Review Score · Synology BeeStation · /10
Performance 20% 4/10

ARM/Celeron CPUs with 1-4GB RAM handle photo indexing but lack compute power for anything beyond.

Value 25% 7/10

$489 all-in beats cloud subscriptions over 3 years and undercuts a DS225+ build by ~$350.

Software & Features 25% 4/10

BeeStation OS covers photos and file sync well but lacks DSM, Docker, Plex, and SMB entirely.

Build & Hardware 15% 3/10

Sealed single-drive unit with no RAID, no drive replacement, and minimal port selection.

Ease of Use 15% 9/10

QR-code setup in under 10 minutes, no port forwarding needed, CGNAT-compatible out of the box.

The BeeStation BST150-4T earns a strong recommendation for its intended audience: non-technical Australian households who want private photo and file storage without paying monthly cloud subscriptions or learning how to manage a NAS. At $489 with 4TB built-in, the total cost of ownership over three years beats paying for expanded iCloud or Google One storage by a considerable margin.

The BeeStation Plus BST170-8T ($749-$769) is worth the premium for larger families or anyone with a camera roll exceeding 50,000 photos. The faster Intel chip makes face detection and album indexing meaningfully quicker, and 8TB gives you room to grow for years. Both models are available from AU retailers with local warranty support.

If you already know what DSM is and are reading this to see if the BeeStation can replace a DiskStation, the answer is no. Get the DS225+ instead.

Compare all Synology models available in Australia, including the DS225+, DS425+, and DS925+ alongside the BeeStation range.

Best Synology NAS Australia

Related reading: our NAS buyer's guide and our AU retailer guide.

Use our free NAS Sizing Wizard to get a personalised NAS recommendation.

Is the Synology BeeStation the same as a NAS?

No. The BeeStation is a personal cloud device that runs BeeStation OS, not Synology’s DSM operating system. It cannot run NAS apps, Docker containers, or Plex. It does not function as a mapped network drive. It is designed specifically for photo backup and private file storage via Synology’s mobile and desktop apps.

Does the Synology BeeStation work on CGNAT in Australia?

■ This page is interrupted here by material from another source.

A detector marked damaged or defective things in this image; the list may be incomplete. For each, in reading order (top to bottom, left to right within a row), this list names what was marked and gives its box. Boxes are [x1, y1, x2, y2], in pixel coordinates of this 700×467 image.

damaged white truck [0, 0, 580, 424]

Yes. And this is one of its advantages over a traditional NAS. Because the BeeStation uses Synology’s relay infrastructure for remote access, it does not require port forwarding or a public IP address. CGNAT connections (common on Aussie Broadband, TPG, and many NBN resellers) work without any additional configuration.

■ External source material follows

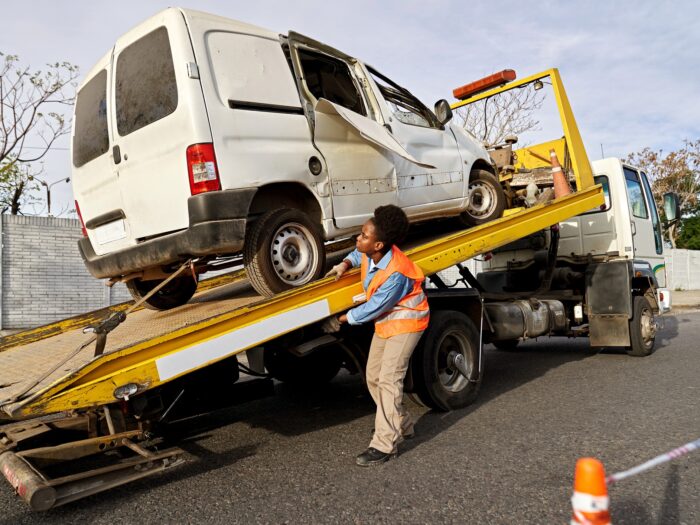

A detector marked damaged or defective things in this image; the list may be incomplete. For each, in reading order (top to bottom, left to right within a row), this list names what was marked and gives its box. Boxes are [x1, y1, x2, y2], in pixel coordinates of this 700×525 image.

white damaged van [72, 7, 504, 308]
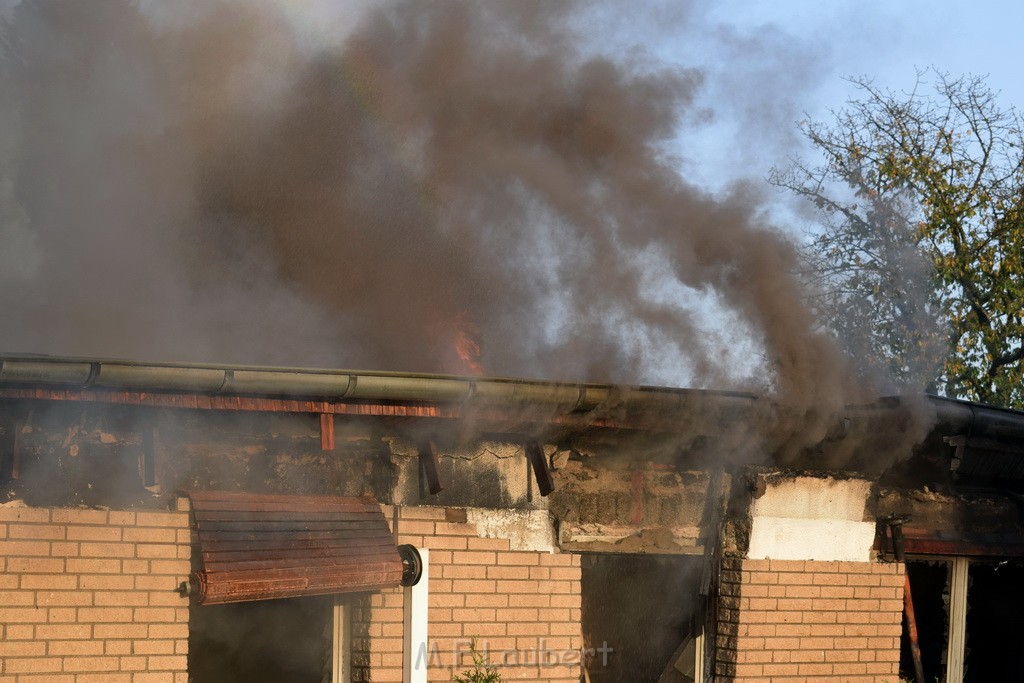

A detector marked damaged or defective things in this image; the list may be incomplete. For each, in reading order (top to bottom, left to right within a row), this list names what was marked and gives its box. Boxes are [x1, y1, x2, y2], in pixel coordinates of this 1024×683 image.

damaged roof structure [2, 356, 1024, 679]
broken window [581, 557, 708, 683]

Can you replace the hard drive in a Synology BeeStation?

The BeeStation is not designed for user-serviceable drive replacement. The built-in HDD is not field-replaceable in the consumer sense. This is a significant limitation compared to a traditional NAS. If the drive fails outside warranty, data recovery requires professional service. Synology recommends pairing the BeeStation with an external USB drive for backup.

What is the difference between the BeeStation BST150-4T and BeeStation Plus BST170-8T?

The BST150-4T ($489 AU) uses an ARM processor with 1GB RAM and 4TB storage. The BST170-8T Plus ($749-$769 AU) upgrades to an Intel Celeron J4125 with 4GB DDR4 RAM and 8TB storage. The Plus model is significantly faster at photo indexing and face detection, and supports more simultaneous users without slowdown. It also adds a second USB 3.2 port.

Where can I buy the Synology BeeStation in Australia?

The BST150-4T (4TB, $489) is available at Mwave. The BST170-8T Plus (8TB, $749-$769) is stocked at Mwave and Scorptec. Dicker Data handles Synology’s Australian distribution, so stock is generally reliable. Always check both Mwave and Scorptec for pricing as it varies by a few dollars and stock levels differ.